- 2013.08.27
- インタビュー・対談
堀井憲一郎さんトークショーレポート
「本の話」編集部
『ホリイのずんずん調査 かつて誰も調べなかった100の謎』 (堀井憲一郎 著)
ジャンル :
#ノンフィクション
『ホリイのずんずん調査 かつて誰も調べなかった100の謎』の刊を記念して、堀井憲一郎さんのトークショーが行われました。1995年から2011年まで長期にわたって「週刊文春」に連載された「ホリイのずんずん調査」の裏話から、連載をまとめた本書の制作裏話まで。爆笑トークをお楽しみください。
1995年、連載スタート
司会 血と汗と涙の結晶ともいうべき『ホリイのずんずん調査 かつて誰も調べなかった100の謎』を刊行された、堀井憲一郎さんです。
堀井 (会場の人数を数えながら)1、2、3……、「二十四の瞳」といった感じでしょうかね、今日は。(場内爆笑)わざわざ、この秘密クラブにようこそ(笑)。今日は皆さんからもどんどん質問をいただければと。
司会 この本は、週刊文春の連載「ホリイのずんずん調査」をまとめたものですね。連載が始まったのが1995年です。

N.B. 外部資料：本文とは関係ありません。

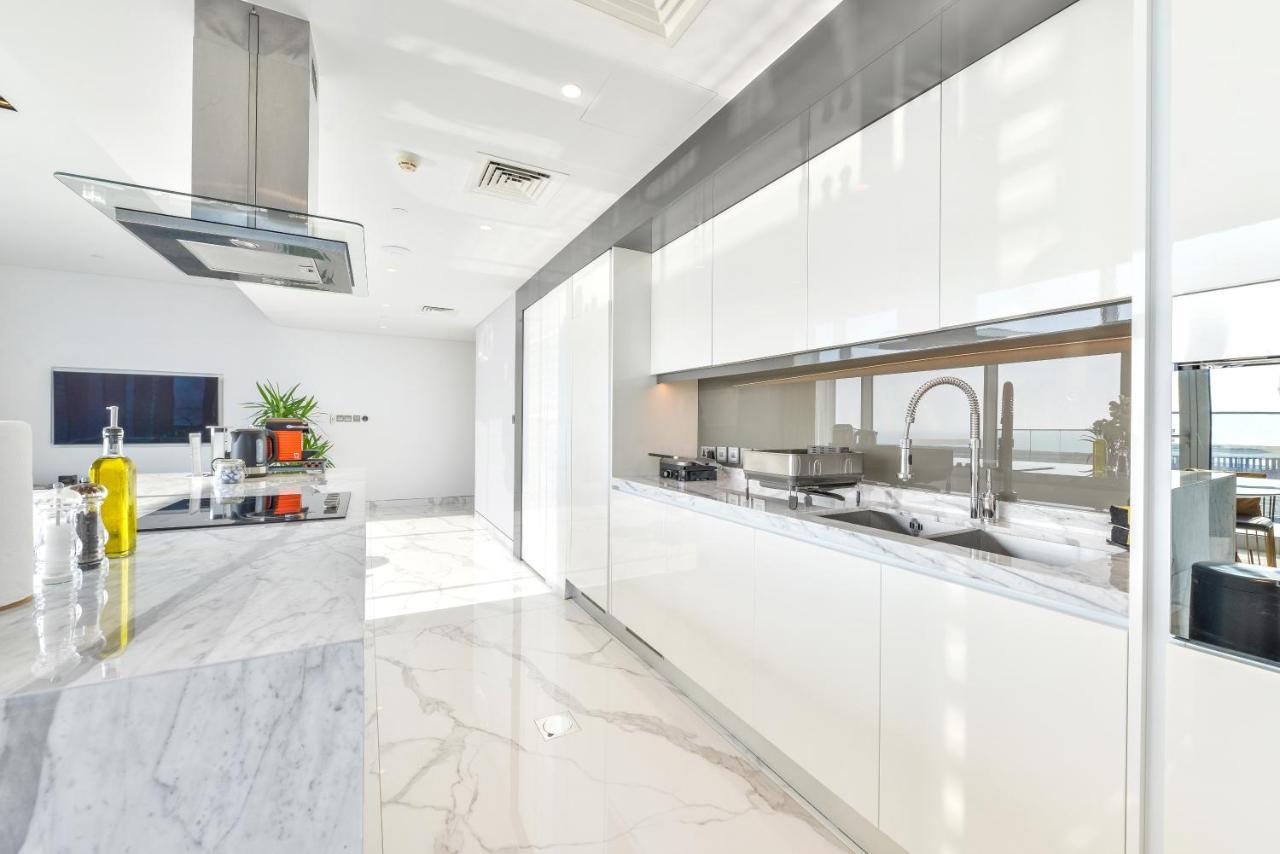 Luxe 3 Bedroom Oceanfront Apartment In The Heart Of Bluewaters Island Dubai Eksteriør bilde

どのようないきさつで始まったのでしょうか?
堀井 週刊文春の編集者から「連載をやってくれませんか」と頼まれて。その前に女性誌の「CREA」で記事を書いたことがあって。内容は、映画の分析と、NHKののど自慢を1年間分調べるとかで。その編集の人、平尾さんといって、当時の編集長で、いま社長だそうですね。私を見つけてくれたひとが(笑)。1995年の3月、オウム真理教のサリン事件のちょうど後くらいだったですよ。
司会 週刊誌の連載が始まってどんな気持ちでしたか?
堀井 当時まず思ったのな、「文春で連載するんだから、地方とか行って忙しくなるだろうから、携帯電話を買わないといけない」と。9万円しました。それを当時、飲んだとき失くして、届け出たらまたもらえるのかと思ったら「6万円払え」と言われましたねえ。それくらい、携帯電話が高い時代でした。あと、いまちょうど1994年のドラマを調べてるんですけど、携帯電話が出てきてないですね。使っていてもヤクザとかで、「携帯はカタギは使わない」という時代があったんです(笑)。まあ、2~3年であっという間に携帯電話は世の中に普及しましたけどねえ。
司会 当時はまだポケベルもありましたよね。
堀井 そう。ですから当時のバイトへはポケベルで連絡してました。事務所にポケベルの「文字変換表」を貼ってました。「1+1」が「あ」で「1+2」が「い」とかで、それで指示を出すんですよ。まあ、短い指示しか出せないんですけどね。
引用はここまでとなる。